昨夜のNHKのEテレの番組「クラシック音楽館」でカラヤン指揮/ベルリン・フィルハーモニー管弦楽団による、チャイコフスキーの交響曲第6番「悲愴」と、バーンスタイン指揮/ウィーン・フィルハーモニー管弦楽団によるマーラーの交響曲第5番が放映されました。

新聞の番組表には「カラヤンとバーンスタインの伝説の名演奏」そして、「冷凍保存されていた名演フィルムがリマスターで鮮やかに」と書いてあったので、鑑賞してみました。
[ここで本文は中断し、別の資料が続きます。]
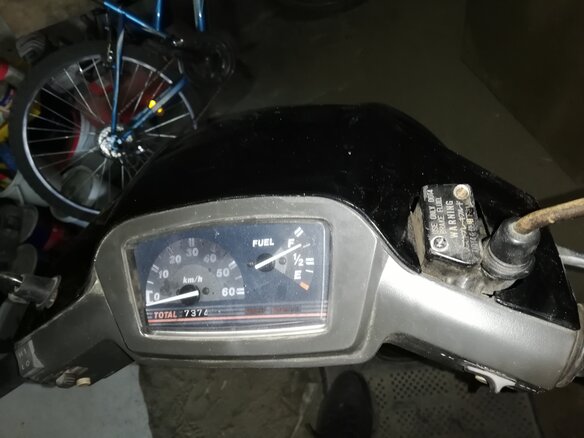 1997 Suzuki Address 100, чёрный, 80000 рублей - вид 7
今回の悲愴の映像は1973年に35mmフィルムによる録画で、NHKが8Kの最新技術でリマスターしたものを放映したもの。

 

 演奏が始まった途端・・・あれっ! この映像ってみたことがあるな~~と思ったら、下記のチャイコフスキーの交響曲第4番、第5番、第6番「悲愴」の3曲を1枚のDVDで、グラモフォンから発売されたユニテルの映像と同じものでした。

 

 

 我が家のテレビジョンは8Kではないのですが、確かに映像はDVDより鮮明でした。しかし全体的にDVDより明るさが目立ったように感じました。

 

 さて、この映像ですが、見ている限り観客も写っていて、コンサートの「ライブ映像」のように見えますが、これは編集されたツギハギだらけのインチキ映像、いわばライブ風映像でしょう。別にあらひろいをするわけではないのですが、違和感の多い映像作品です。
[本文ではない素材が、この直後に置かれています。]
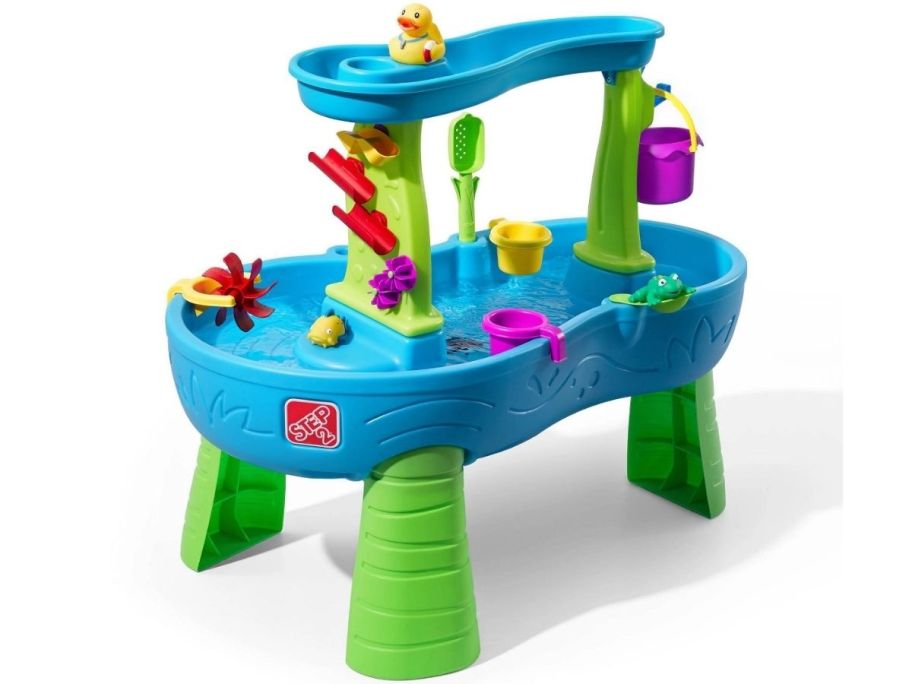 a two tiered water table with water maze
 まずコンサートが始まるオープニングの映像は会場の最上階あたりからステージ全体を写し、拍手で小さく映ったカラヤンらしい人?が登場します。(小さくてわからない) すると、いきなり目をつぶったカラヤンの大写しで曲が始まります。オープニングの画面の質とだいぶ違います。このオープニングの映像はDVDでは第4番、第5番でも全く同じ映像を使用しています。コンサートで第4番、第5番、第6番「悲愴」を一気に演奏することはないでしょう。よく見ると、オープニングのカメラの前の女性の頭、周辺の聴衆の動きが全く同じです。つまり3曲とも同じオープニングの映像を使って編集したものです。

 

 今回のNHKの映像は確かにDVDよりきれいですが、作品そのものはツギハギが多い失敗作。確かにカラヤンの周辺を写した映像では客席の観客が写っているのでライブに見えます。ところがカラヤンの指揮の映像になると目をつぶった表情の顔と、少し大げさな動きの指揮姿ばかりが強調されます。また、ホルンなどの管楽器の映像になると周辺の映像はなく、画面の質も若干異なる感じです。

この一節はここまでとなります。